Josef Fritzl’s unspeakable crimes against his daughter not only sicken us, says Rod Liddle. They sharpen our confusion about day-to-day parenting in the modern world
I am not sure we even recoil from this sort of stuff any more, so familiar has it become to us — though there is no evidence that there are more Fred Wests and Josef Fritzls around these days than was the case, say, 50 years ago. They are still singularities, even if we are occasionally tempted to suspect that it all happens more often than we care to believe and are occasionally supported in this thesis by our zealous social services departments, which hold all parents in suspicion. Meanwhile, incest has long been our favourite crime, by which I mean the crime which most excites and repels us — even more than murder. Only one or two societies in the world lack a comprehensive incest taboo and Austria, I think, is not one of them. Low IQ is often associated with those who break incest taboos in the West; but then low IQ is associated with most crime in general, the prison population having an IQ perhaps 10 per cent below the national average. The exception to this rule is, oddly enough, serial killers, some of whom are known to have high IQs.

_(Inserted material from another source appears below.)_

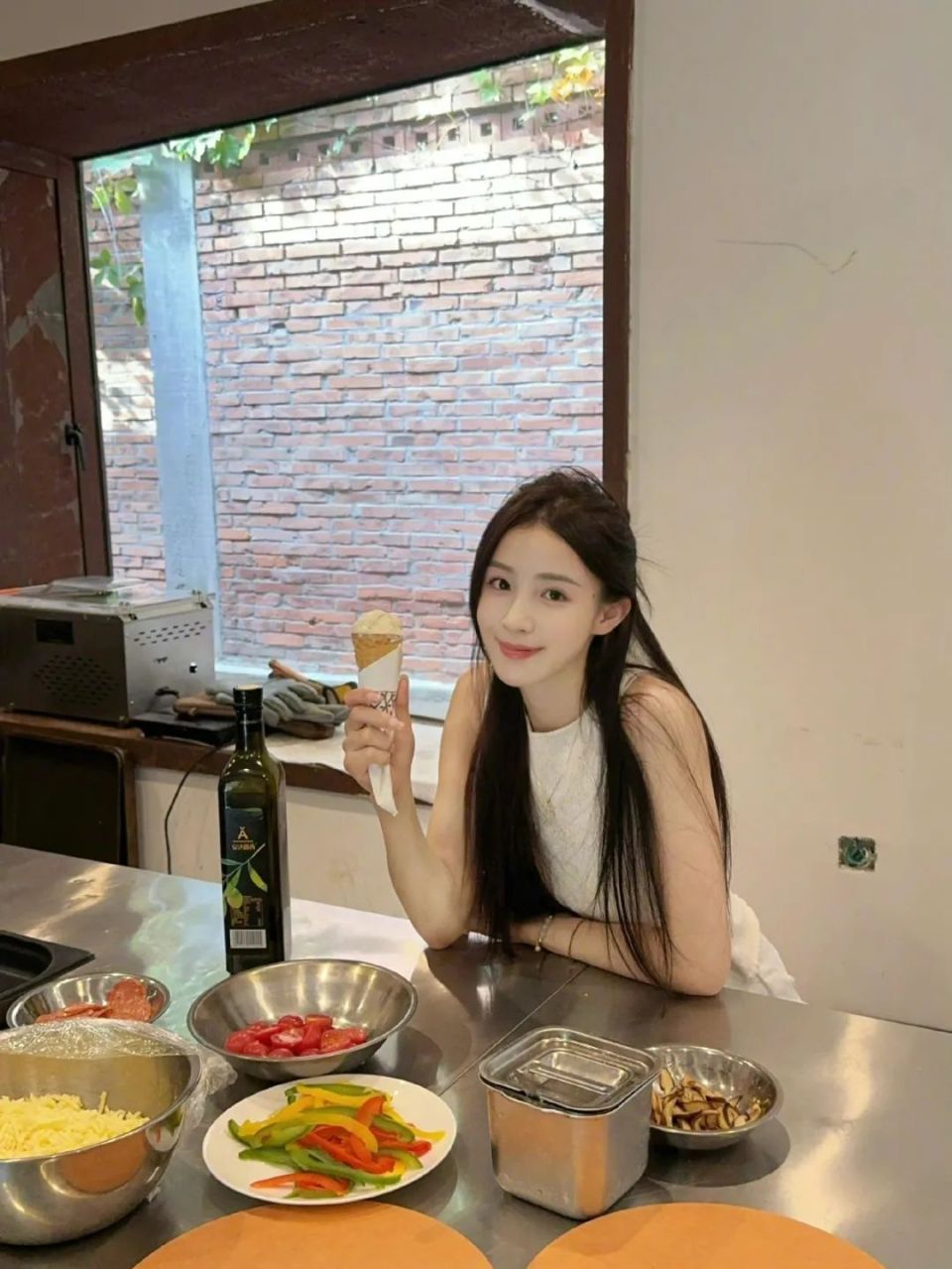 周二珂称自己是二胎妈妈,自曝左耳有点聋?并否认整容传言!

But there is one thing about this apparently vile singularity, the Fritzl case, which has a degree of resonance with us all — I mean, aside from the grotesque detail of his crimes. It is there in his statement to the police, the notion that he needed to lock his poor daughter away to keep her out of trouble. It has been evident for some time that we have a dangerously ambivalent attitude towards children and, by extension, parenting: we do not seem to know quite what to do. We are simultaneously outrageously indulgent towards our offspring and — tormented by the invisible presence of paedophiles lurking behind every bush — terribly restrictive. Children have become more precious to us than ever before — so precious that we may not be allowed to photograph them taking part in a school sports day, for example. At the same time, we are not allowed physically to chastise them and are even warned that too stentorian a ticking-off might have future damaging effects — and then we are reminded, when they go off the rails, as they increasingly seem to do, that we should have been more responsible parents in the first case, more disciplinarian.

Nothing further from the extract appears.